Landlords absorb interest rate losses

Photo: Money and mortgages signRising mortgage interest rates have left some buy-to-let investors facing a loss on their lettings. Owners of let property are taxable on their rental income, but can deduct from this expenses connected with the letting. For most landlords, the biggest expense is the interest on the money borrowed to buy the property. Therefore, rises in interest rates, which generally cannot immediately be passed on to the tenant in increased rent, have a large effect on a landlord’s net income.

Unfortunately, you cannot normally set a loss on property letting against other types of income. You can generally only carry forward such a loss and set it against future letting profits. You need to tell HM Revenue & Customs about the loss within five years and ten months of the tax year in which it occurred, normally by claiming it in your tax return.

There is, however, one special type of loss that you are allowed to set against other income of the tax year in which the loss occurred. Certain residential property in the UK on very short lets may qualify as a furnished holiday letting. The main conditions are that the property must be let commercially for periods not exceeding 31 days for at least 70 days a year and be available for letting for at least 140 days in that year.

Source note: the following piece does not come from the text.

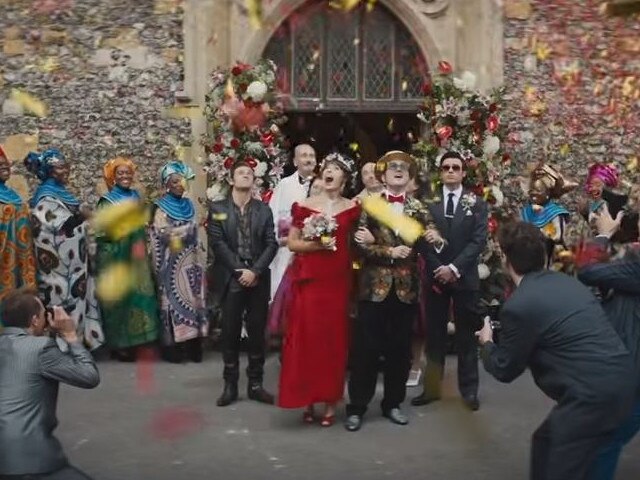Taron Egerton as Elton John in Rocketman recreating his wedding day in 1984 in Sydney.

Other expenses that owners can deduct from rent include the costs of repairing and maintaining the property, insurance, rent collection and providing services. There is also a landlord’s energy-saving allowance of up to £1,500 per residential property for expenditure on certain types of insulation. A renewals allowance (which is basically 10% of the rental income) can be claimed if the property is furnished. For furnished holiday lettings, you can claim capital allowances on the cost of furniture and fittings.

One cost that you cannot deduct is the capital repayment element of a mortgage. Most buy-to-let mortgages are interest-only, so the whole monthly payment is tax deductible. However, some people, such as those who let a property in which they previously lived, may pay a mixture of interest and capital repayment. If you have this type of mortgage, you need to check the annual statement from your lender to determine how much of your payment can be deducted.

The taxation of property is a complex area and there are many aspects, including some tax reliefs, that are not mentioned here.